*** Begin section ***

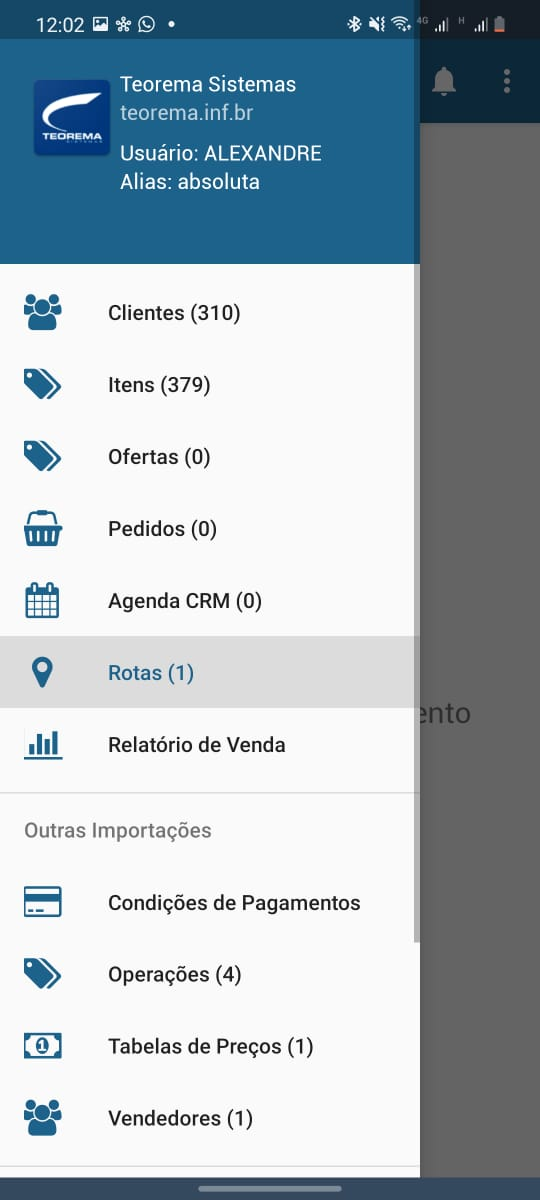 Menu lateral do aplicativo Vendor com opção Rotas (1) destacada entre as opções Clientes, Itens, Ofertas, Pedidos, Agenda CRM, Rotas e Relatório de Venda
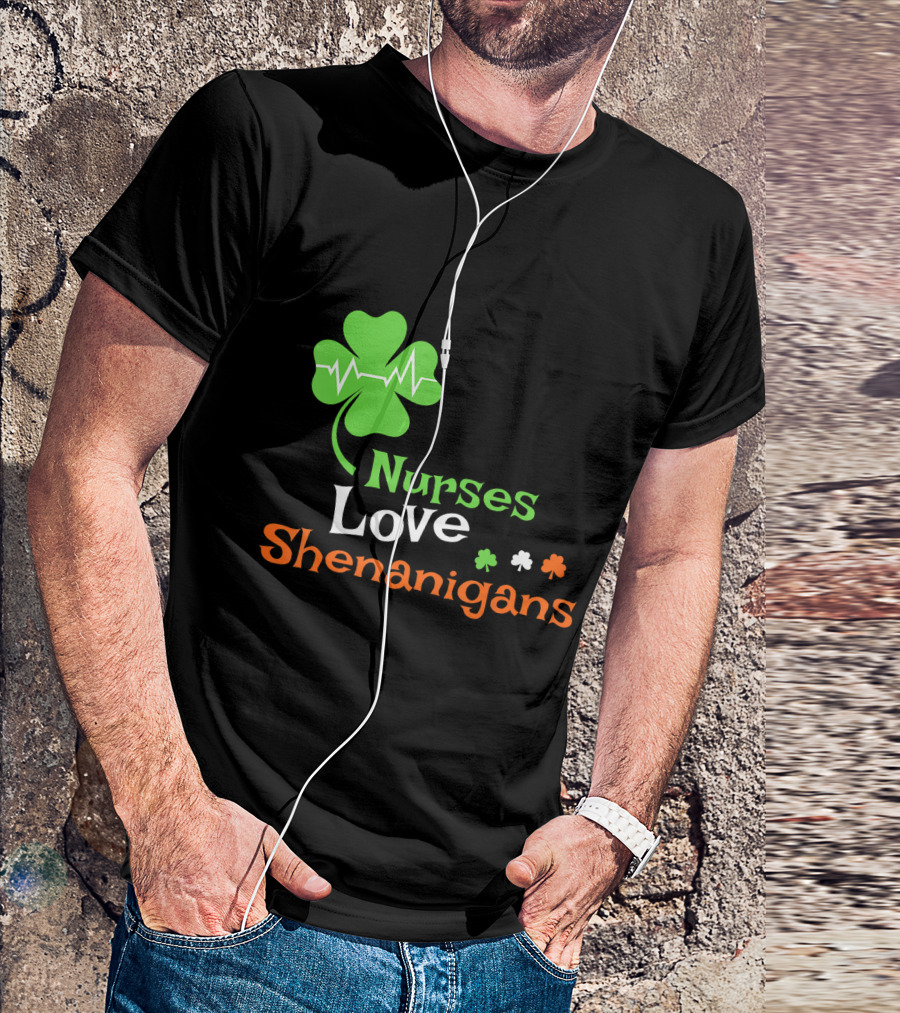 Nurses Love Shenanigans Clover Heartbeat T-Shirt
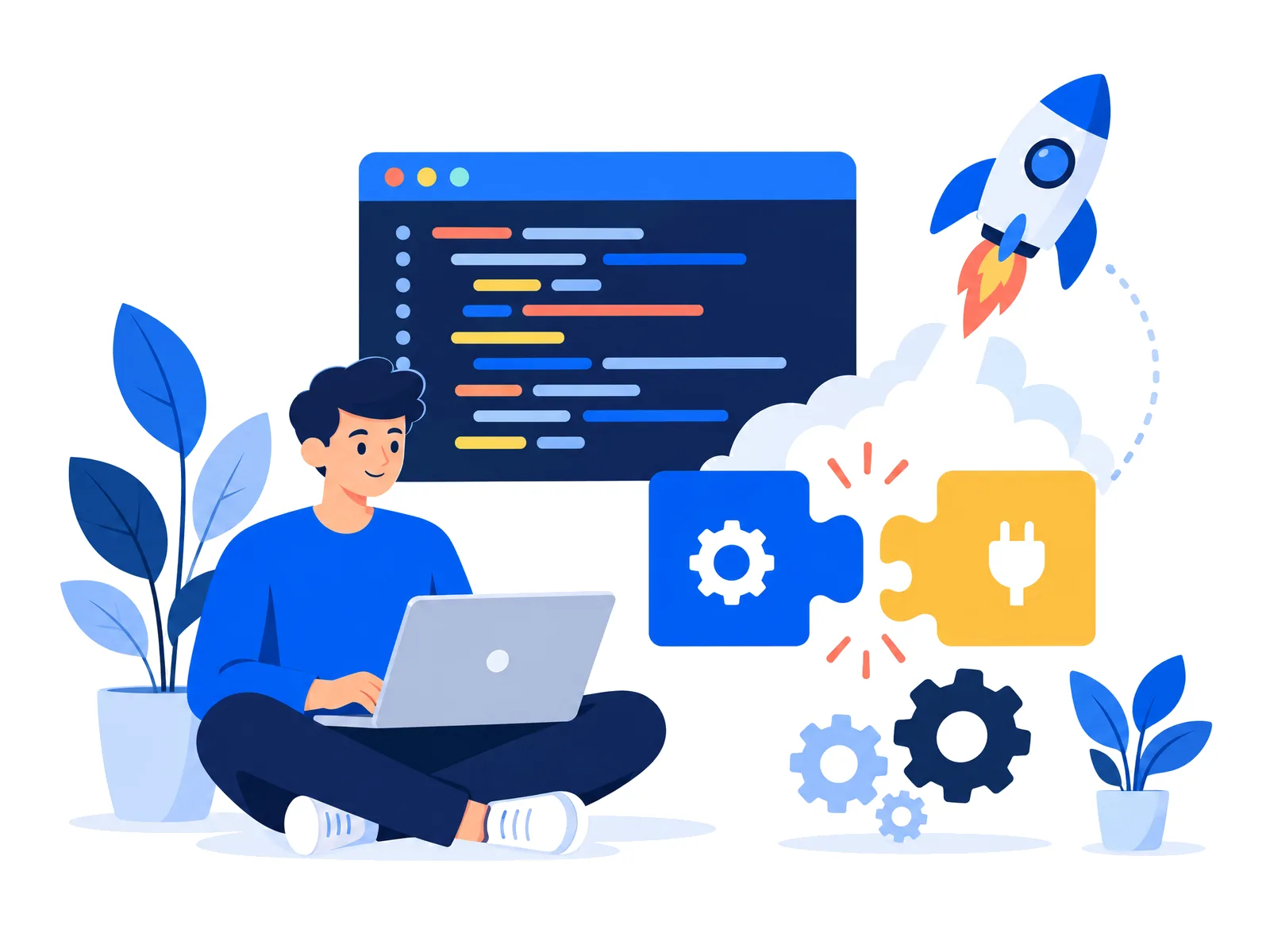A developer with a laptop, code window, API blocks and a launching rocket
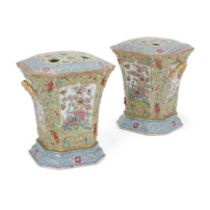 A pair of Chinese Canton famille rose canted square bough pots and covers Qing dynasty, mid-19th...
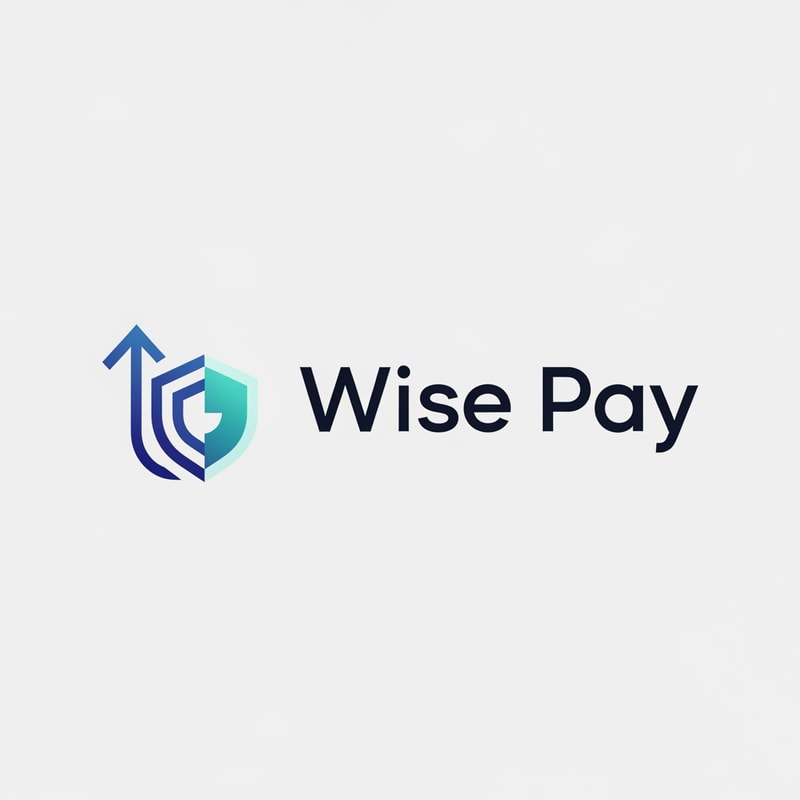 Design a modern, minimalistic logo for a premium digital banking brand named Wise Pay. Create a clean, geometric symbol representing intelligence, financial growth, and secure transactions. Use sleek lines, subtle gradients, and a balanced, professional layout. Include a refined wordmark with bold, futuristic sans-serif typography. The overall mood should feel trustworthy, innovative, and high-end—perfect for a fintech banking company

*** End section ***

§ Exercise brief
Nothing but the lines from the one holding "A pair of Chinese" to the end of the entries above should be echoed, exactly and with both ends included; omit the pictures.

§ Task response
 A pair of Chinese Canton famille rose canted square bough pots and covers Qing dynasty, mid-19th...
 Design a modern, minimalistic logo for a premium digital banking brand named Wise Pay. Create a clean, geometric symbol representing intelligence, financial growth, and secure transactions. Use sleek lines, subtle gradients, and a balanced, professional layout. Include a refined wordmark with bold, futuristic sans-serif typography. The overall mood should feel trustworthy, innovative, and high-end—perfect for a fintech banking company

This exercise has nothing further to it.